■ TASK OBJECTIVE ■
The full listing is to be transcribed exactly, with each picture left out.

■ PROVIDED RECORDS ■
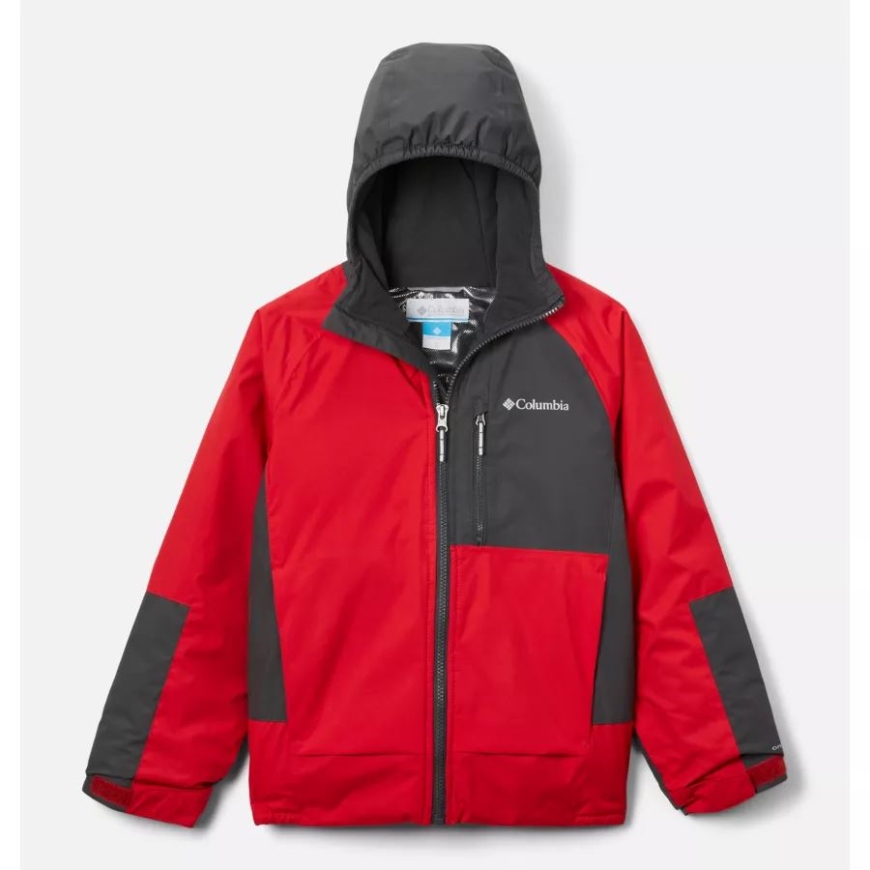 ボーイズスノープロブレムジャケットマウンテンレッド/シャークコロンビア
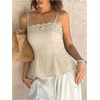 image:imageGORGLITTER Womens Floral Lace Peplum Top Boho Pleated Dressy Camisole Tops  Spaghetti Strap Embroidered Blouse Sexy Babydoll Tops Going Out Concert Tops Old Money ClothesApricot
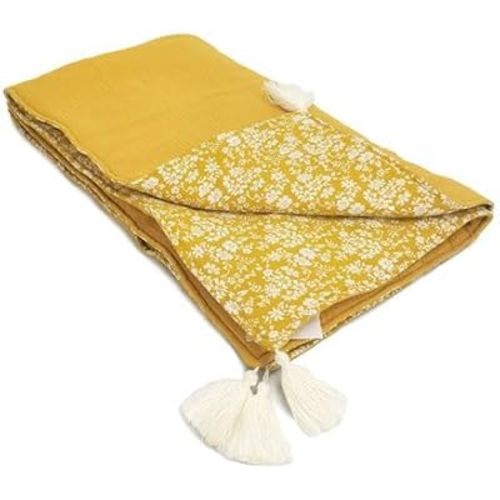 MON AMI ‘Marigold’ Cotton Muslin Blanket – 40x24”, Reversible Summer Muslin Quilt for Toddler, Cotton Blanket for Crib/Stroller/Tummy-Time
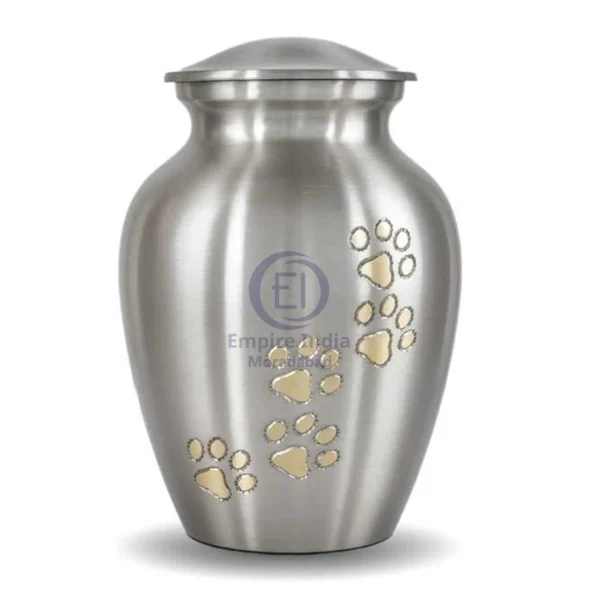Silver Aluminum Pet Cremation Urn with Gold Paw Prints – Polished Finish | Empire India Manufacturer | Exporter | Supplier | Moradabad, India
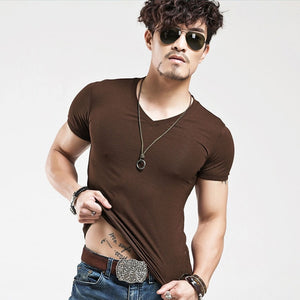 Fitness T-shirts Men's V neck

■ TASK OUTPUT ■
 ボーイズスノープロブレムジャケットマウンテンレッド/シャークコロンビア
 image:imageGORGLITTER Womens Floral Lace Peplum Top Boho Pleated Dressy Camisole Tops  Spaghetti Strap Embroidered Blouse Sexy Babydoll Tops Going Out Concert Tops Old Money ClothesApricot
 MON AMI ‘Marigold’ Cotton Muslin Blanket – 40x24”, Reversible Summer Muslin Quilt for Toddler, Cotton Blanket for Crib/Stroller/Tummy-Time
Silver Aluminum Pet Cremation Urn with Gold Paw Prints – Polished Finish | Empire India Manufacturer | Exporter | Supplier | Moradabad, India
 Fitness T-shirts Men's V neck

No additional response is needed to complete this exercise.